Splann ! : Bonjour Inès Léraud, ce qui frappe à la lecture de la bande dessinée, c’est son ampleur : elle avait paru en partie dans la Revue dessinée, et ici l’enquête prend des proportions considérables. Comment le format de l’enquête s’est-il déterminé ?
Inès Léraud : Ce que j’avais prévu de faire au départ, en 2020, c’était surtout une enquête de terrain, sur un territoire plus vaste que pour les algues vertes. J’avais des sources et des contacts en Haute-Vienne, en Marne, et en Bretagne bien sûr. Ce qui a changé le format de la bande dessinée, c’est la rencontre avec des historiens, en 2021.
Avec Léandre Mandard, j’ai pu explorer l’histoire de la loi de 1941 sur le remembrement, puis je suis remontée jusqu’à la fin du XIXe pour comprendre la naissance du corps du génie rural, celui qui convainc le pouvoir politique de mettre en place cette loi. J’ai aussi rencontré Christophe Bonneuil qui a étudié comment le régime de Vichy a été un acteur central dans la modernisation de l’agriculture en France.

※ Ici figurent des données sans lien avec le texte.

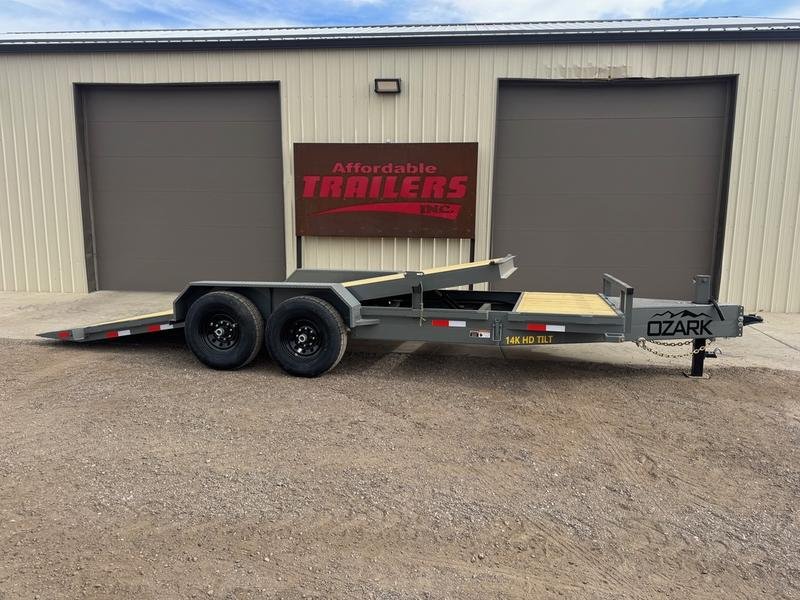82"x20' Ozark Bumper Pull Tilt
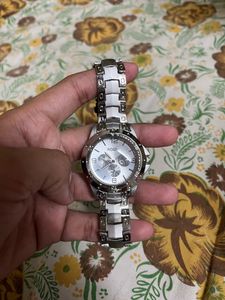 Analog Rosra Watch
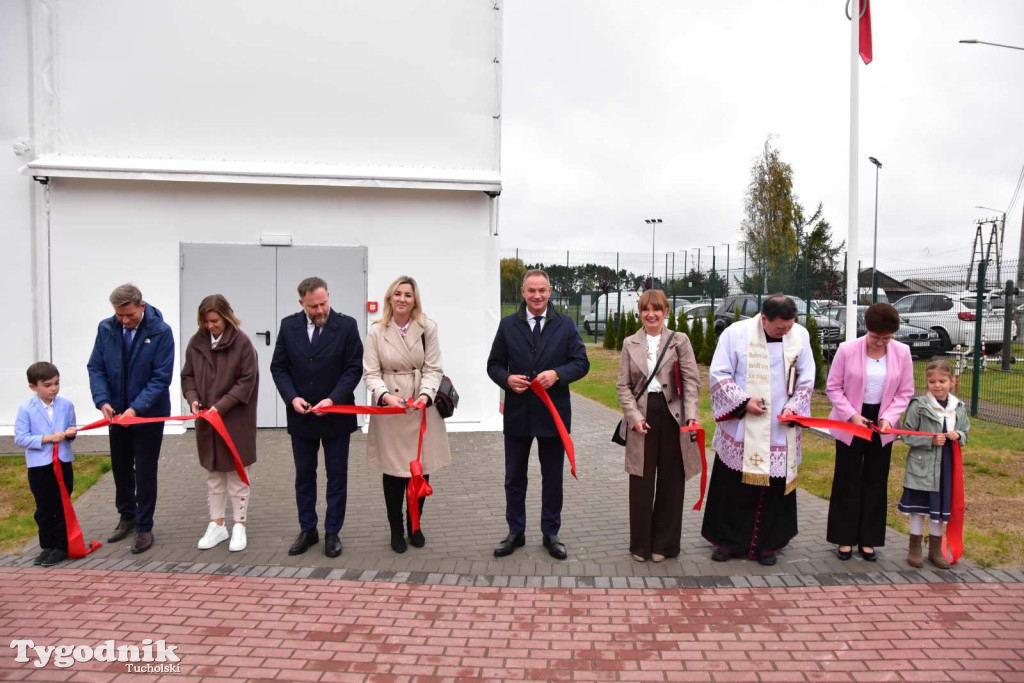 Lińsk: Uroczyście odebrano inwestycję przy Szkole Podstawowej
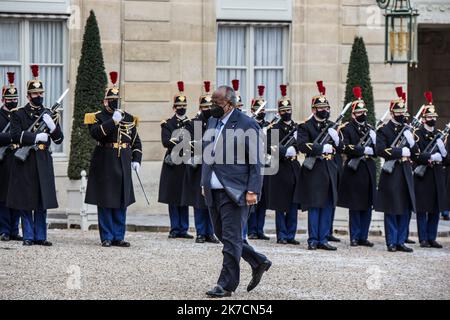 ©Sadak Souici / le Pictorium/MAXPPP - Sadak Souici / le Pictorium - 12/02/2021 - Francia / Ile-de-France / Paris 8 - le president djiboutien Ismael Omar Guelleh est a Paris vendredi 11 fevrier. Apres avoir rencontre le patronat francais et le Senat la veille, il a ensuite dejeune avec le president Emmanuel Macron. / 12/02/2021 - Francia / Ile-de-France (regione) / Parigi 8th (8th circondario di Parigi) - il presidente del Gibuti Ismael Omar Guelleh si trova a Parigi venerdì 11 febbraio. Dopo aver incontrato i datori di lavoro francesi e il Senato il giorno prima, ha poi pranzato con il presidente Emmanuel Macron. Foto Stock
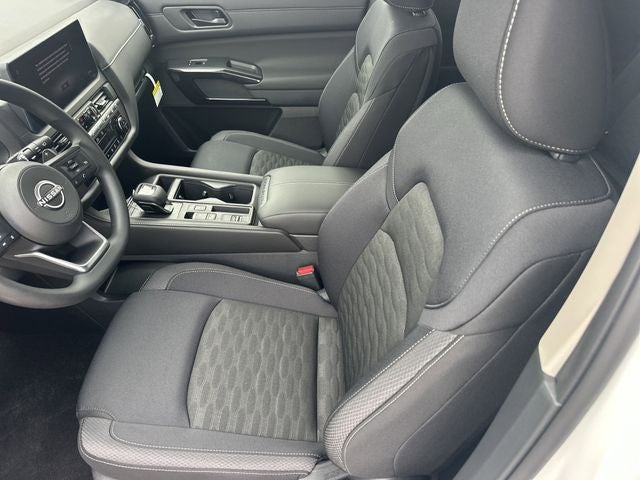 2026 Nissan Pathfinder S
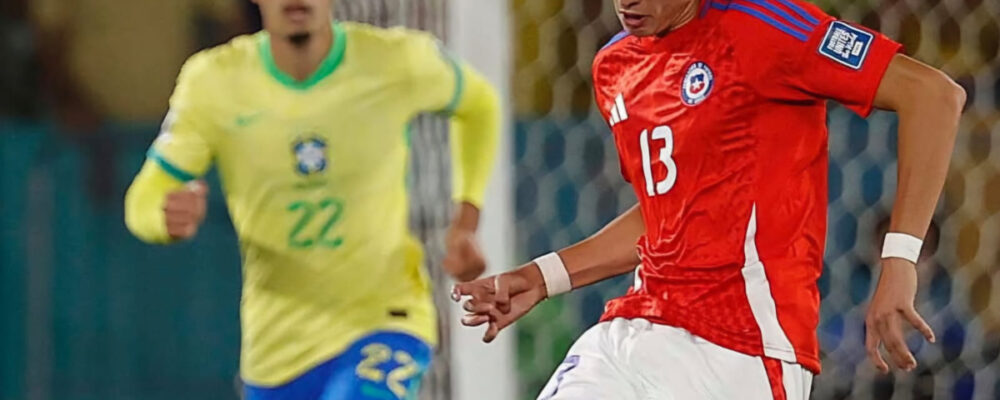 Como foi a atuação de Ivan Román, do Atlético, em Brasil x Chile?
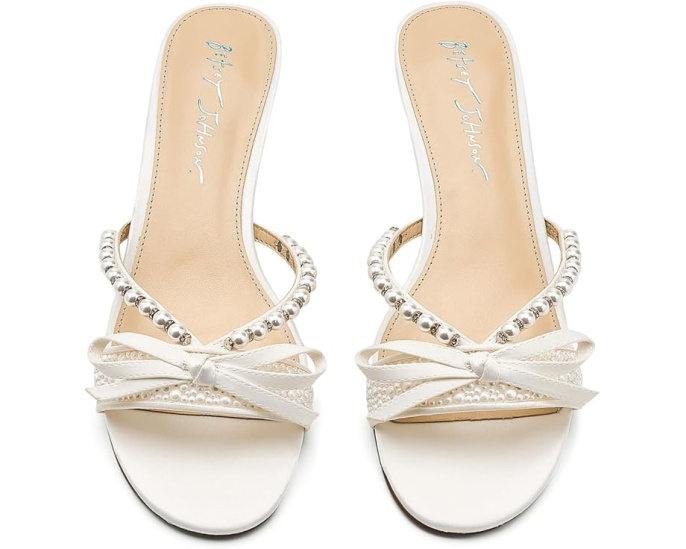 Blue by Betsey Johnson Сандалии Mandy с жемчужным декором и бантом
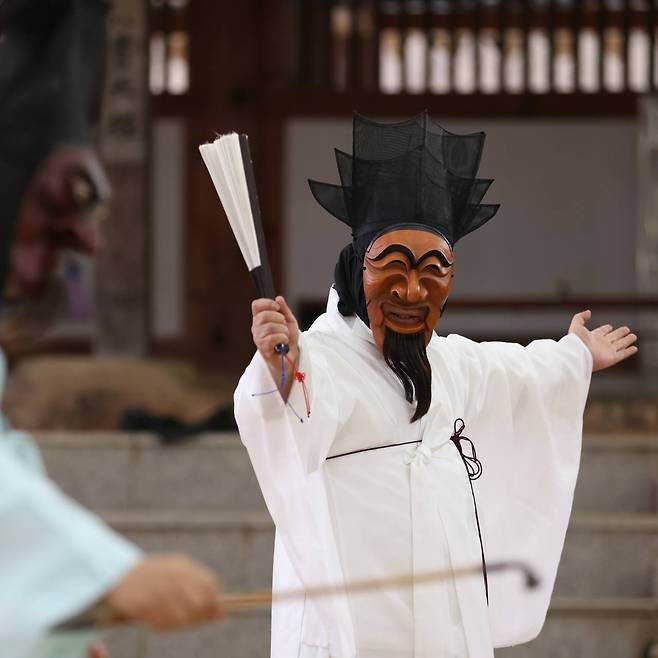 An actor performs wearing the nobleman mask in the Hahoe Byeolsingut Talnori in Hahoe, Andong, North Gyeongsang Province. Photo © Hyungwon Kang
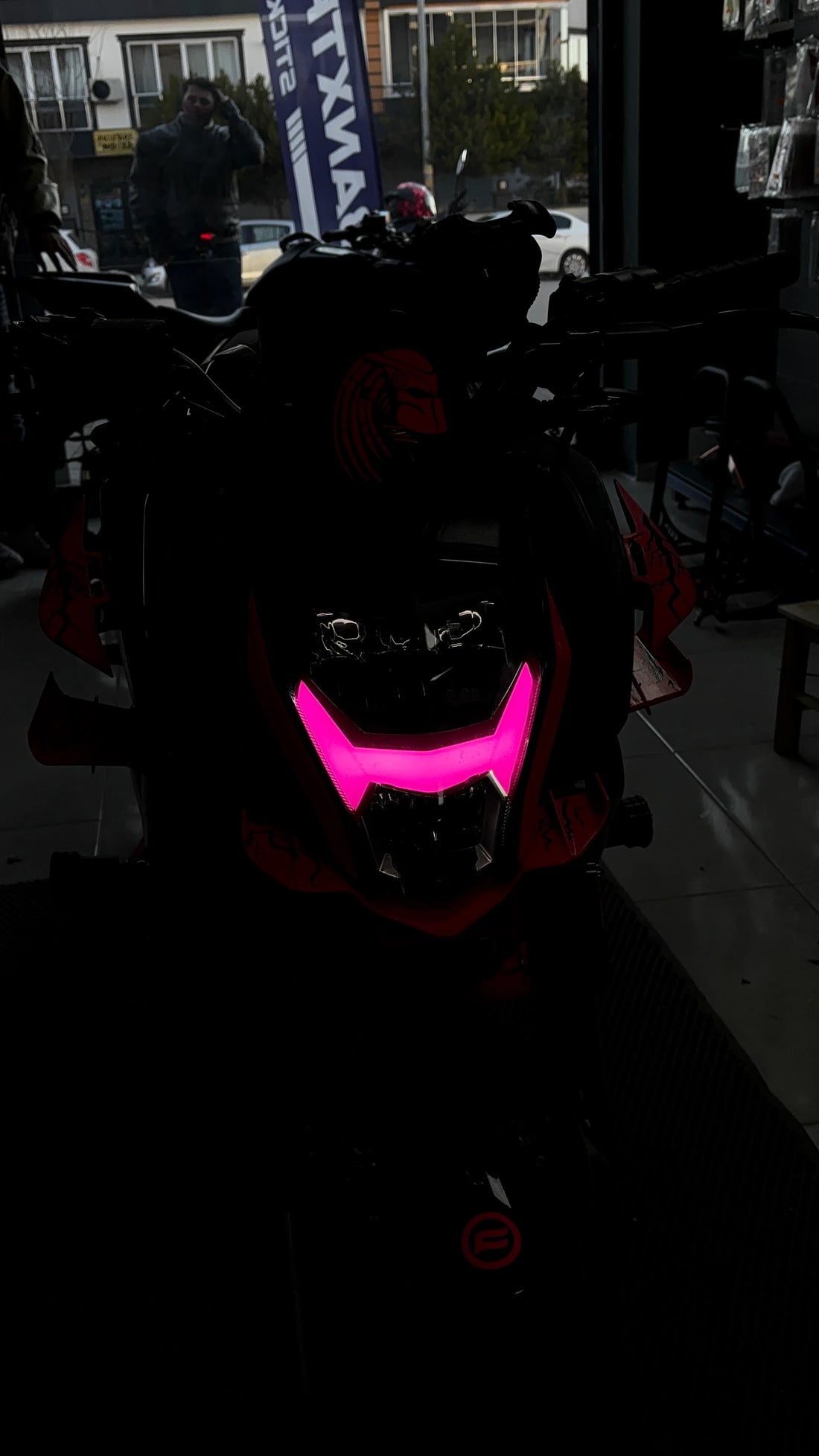 CFMOTO NK250 için Pembe Renk Far Filmi Far Tasarım Sticker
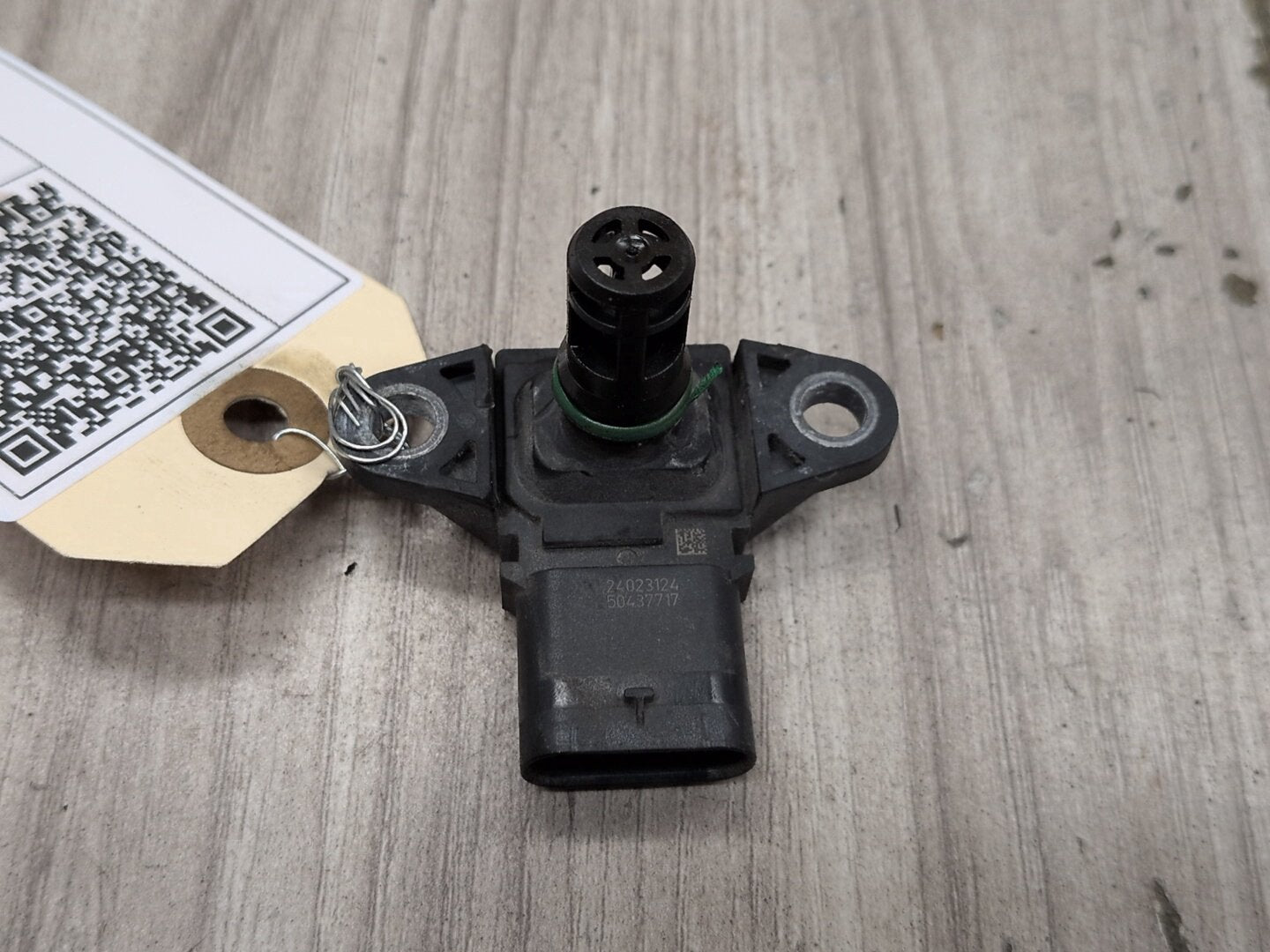 2013 - 2019 BMW 750i F01 Manifold Absolute Pressure (MAP) Sensor 7599042 N63B44O1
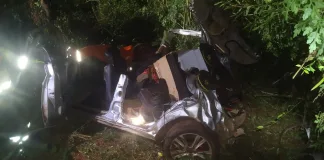 Acidente deixa feridos após capotamento e queda em ribanceira na SC-480 em Xanxerê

L’idée, c’était de comprendre ce qu’il y avait à l’origine des algues vertes, comprendre l’installation du modèle agricole français tel qu’on le connaît aujourd’hui.
Comment est-ce que l’on passe de la réalisation d’enquêtes pour la radio à une enquête historique ? S’installer dans du temps long, ça ne signifie pas tourner le dos à l’actualité ?
I.L. : Je n’ai en fait jamais travaillé sur l’actualité. J’ai fait des études de cinéma documentaire, j’ai ainsi appris à travailler sur le temps long et à ne pas mettre sous le tapis ma relation personnelle au sujet. Les documentaires et reportages que j’ai ensuite faits à Radio France (Les Pieds sur terre, la série documentaire, Là-bas si j’y suis…) se situent à mi-chemin entre le journalisme et le documentaire.
Par ailleurs, l’investigation amène souvent à creuser différentes facettes ou différentes couches d’un sujet : quand tu enquêtes, tu tires des fils politiques, scientifiques, historiques, psychologiques, économiques…
Passer de la radio au livre, ce n’est pas une rupture, la démarche est toujours celle de creuser un même sujet dans toutes ses dimensions. Dans l’idéal, le journaliste devrait à la fois pouvoir faire de l’actualité et creuser toutes les dimensions de son sujet : les contraintes éditoriales et économiques font que c’est très difficile à réaliser.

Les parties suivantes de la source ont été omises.